Truth be told, it's really hard to talk about these things because of how many different actors contribute a game. Let's try to use the principle of charity when interpreting each other's posts.
Basically, when I say it's stakes are "drunk" I mean how devastating the mistake is is all over the place. Not quite scouting the back corner of the third can mean you miss the proxy and lose the game in one instance, and sacking your whole army (poorly engaging to that it is not cost efficient) can be no big deal. It's extremely dependent on how the game has progressed. So I don't even think SC2 is a good example of an escalating states model, since in order for to be escalating must have some consistency.
A want to emphasize, I do not think League of Legends is a perfect game, far from it. I just think it does things very different from SC2, some good, others bad. This makes a great point of contrast and is the reason I keep referring to it, not because I think it's perfect. That said, what League of Legends has is a homogenizing factor, that is an element that consistently limits the devastation of mistakes in the game. Two things that create this factor: 1) the cost of the mistake is losing XP and giving the opponent Gold. This is a relatively consistent loss, where SC2's early game losses can be anywhere from snow-ball inducing to game-ending. The reason it's not game-ending is because 2) Turrets. These prevent deponent from achieving the victory condition immediately, insuring multiple engagements. They are a buffer. To make a metaphor, if achieving victory is the equivalent of climbing a cliff, in Starcraft II there is no mechanic preventing you from strapping on a jet pack and find the top, if properly executed. In LoL, both teams must climb the cliff, a handhold at a time. This buffer falls away as the game progresses, and champions can challenge turrets. In this way, the stakes of each action increases because you can swiftly lose your buffer.
That said, I suspect there are better factors for homogenizing the effective mistakes to a more crowd-pleasing intensity curved. And of course, once you factor in player skill, then you have the extreme snowball effect which counteracts this. Can you imagine LoL without the effect of turrets, though? One death in an early lane and you could lose your nexus.

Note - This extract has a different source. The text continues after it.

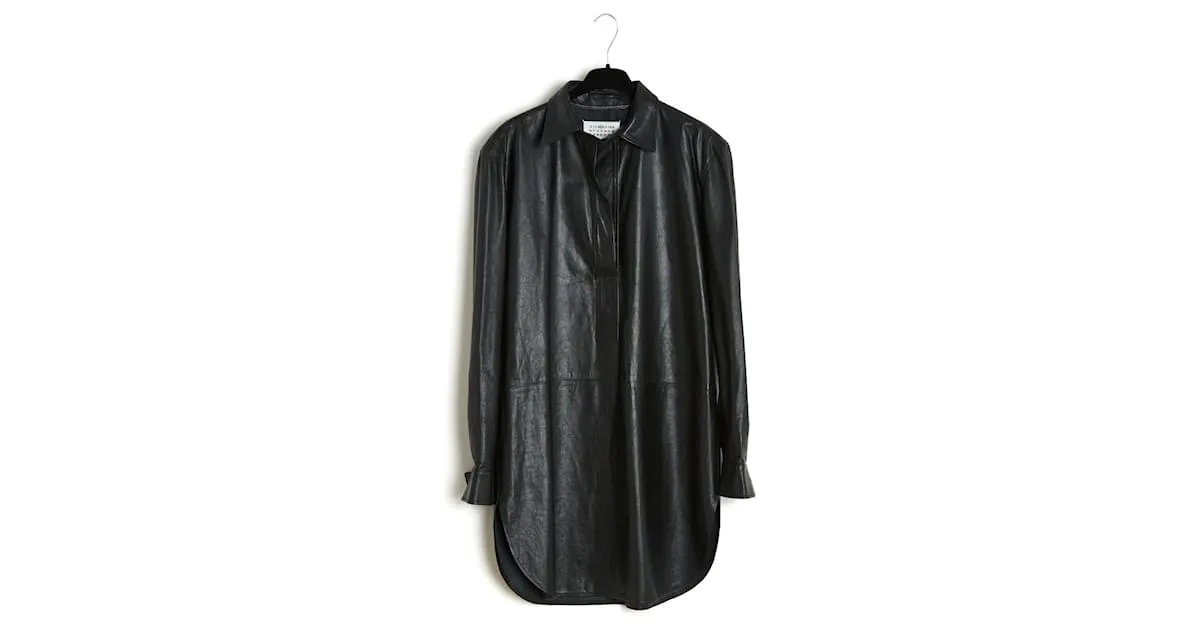 Maison Martin Margiela Túnica vestido camisero piel negra ES38 Negro 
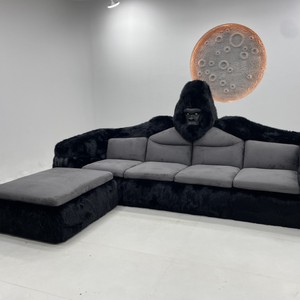 Gorilla King Kong Luxury Modular <b>Storage</b> Sofa Backless Wood Legs Modern Chesterfield L-Shape Three <b>Seat</b> PU Fabric Living Room - Product Image 2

Another thing I want to mention is that the mechanic of the escalating stakes can be very jarring depending on how they're done. In your MOBA example, the game goes along as normal and then all of a sudden the entire focus of the game completely changes with the escalating stake mechanic including a giant monster. It seems like a very jarring change to the way the game is played. When does the SC2/LoL mid game begin? Late game? It's a very natural flow and you won't necessarily be able to pinpoint a spot and I think that's a good thing. A game should generally flow well from one stage to the next where each stage's beginning/end should be essentially invisible otherwise it can create negative effects especially for a spectator. This is an interesting consideration. While the giant monster idea is not refined and could definitely stand some, there are some statements you make that I don't understand where they come from.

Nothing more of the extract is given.